Abstract Understanding of structure-property correlation is of paramount importance in designing phosphors which impact the advanced lighting technology. Here, for the first time, we have synthesized La2Sn2O7:Eu3+ (LSOE) nanoparticles (NPs) and investigated their optical properties under host and Eu3+ intra-configurational f-f excitations at 274 and 395 nm, respectively. Under 274 nm excitation, Eu3+ ions are found to localize at both LaO8 and SnO6 polyhedra to an equal extent, which leads to comparable intensity of the forced electric dipole transition (FEDT) and magnetic dipole transition (MDT).
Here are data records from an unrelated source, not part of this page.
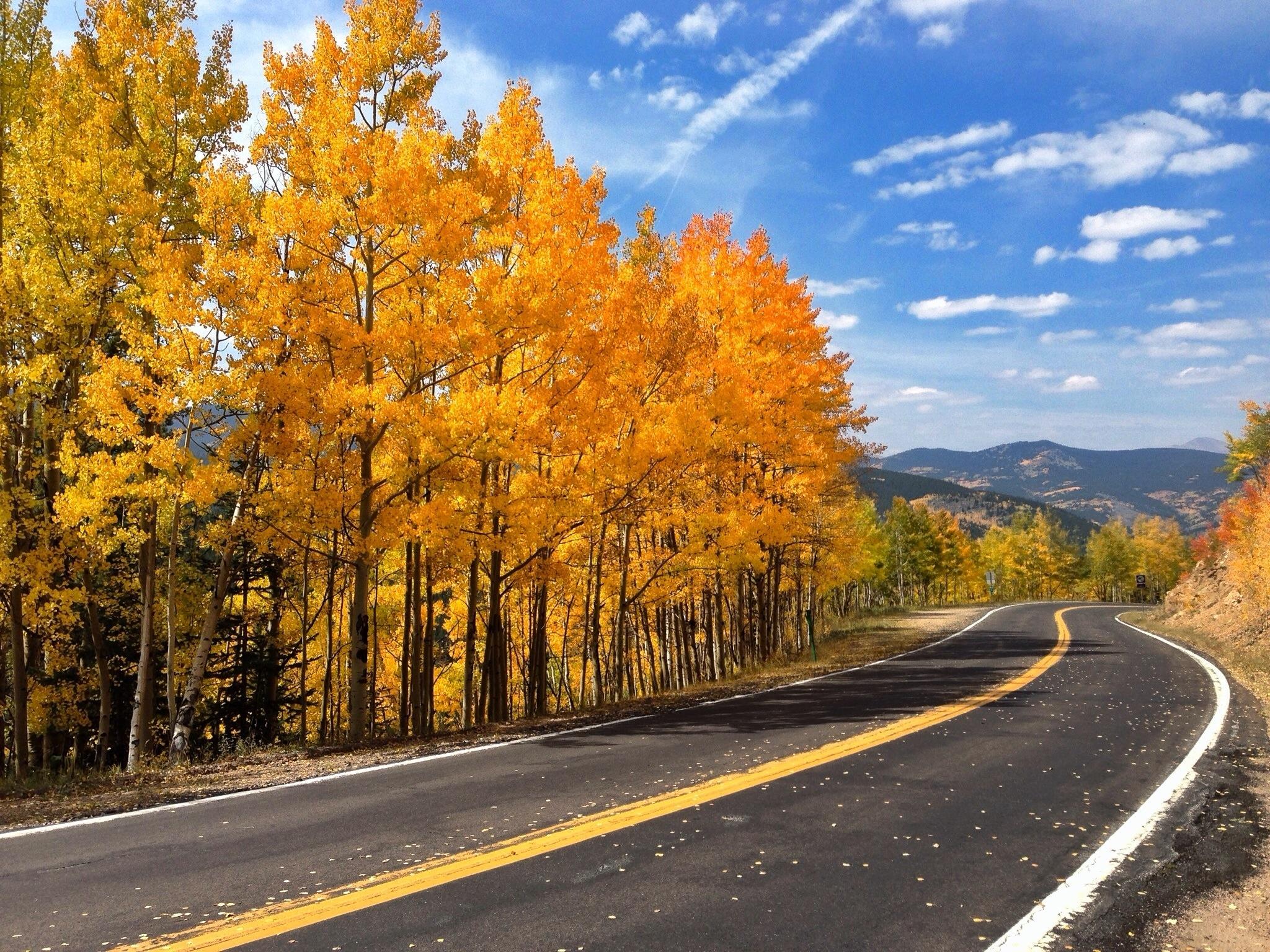 2048x1536 autumn, Road, Trees, Nature Wallpaper HD / Desktop and Mobile Background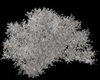 SILVER GOTH BUSH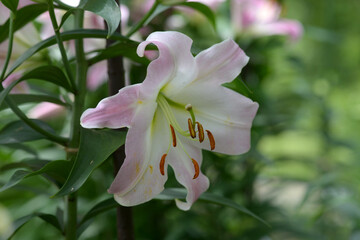 ユリ・マスター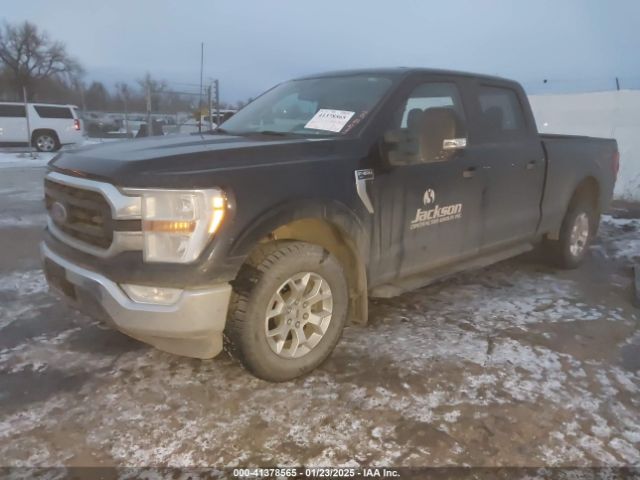 1FTFW1E82MKE69632 Ford F-150 Xlt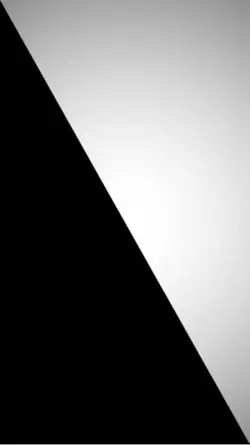 TikTok @Dolphineditz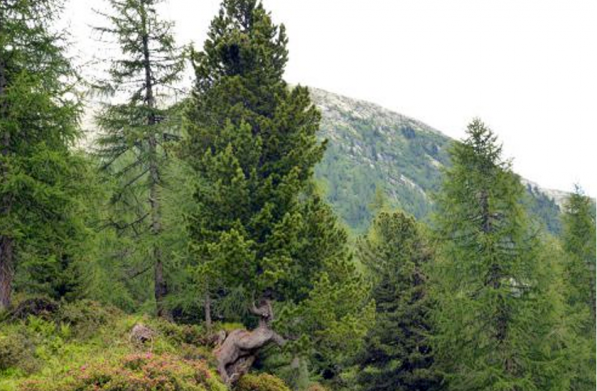 Pinus Cembra Pino Cembro Cirmolo Gembro, il legno del benessere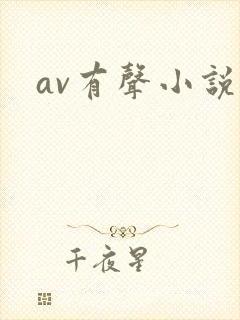 av有声小说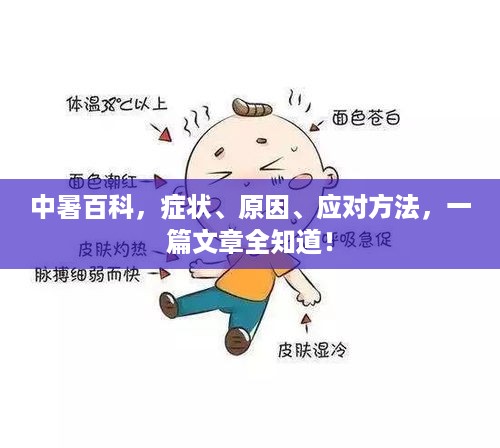 中暑百科，症状、原因、应对方法，一篇文章全知道！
Under 395 nm excitation, Eu3+ ions at SnO6 polyhedra is selectively excited, which gives more intense FEDT. Accordingly, the LSOE NPs give orange and red emissions under 274 nm and 395 nm excitations, respectively. The quenching concentration of Eu3+ ions in the LSOE NPs is 5.0 mol% due to multipolar interactions. Maximum asymmetric ratio happens for the LSOE NPs at the doping level of 7.5% due to the largest fraction of Eu3+ ions at SnO6 polyhedra. Reversely, longest lifetime occurs for the LSOE NPs at the doping level of 0.5% owing to enhancing defect density at elevated Eu3+ doping. Point group symmetry of Eu3+ ions is C3 based on Stark splitting determination. Judd-Ofelt analysis suggest that the excitation of the LSOE NPs at 395 nm leads to narrow red emission with lower non-radiative transition and higher internal quantum yield. Our work is expected to excite more luminescence scientists to explore the application potentials of the Lu2Sn2O7 NPs for color-tunable optoelectronics, solid state lighting and bioimaging.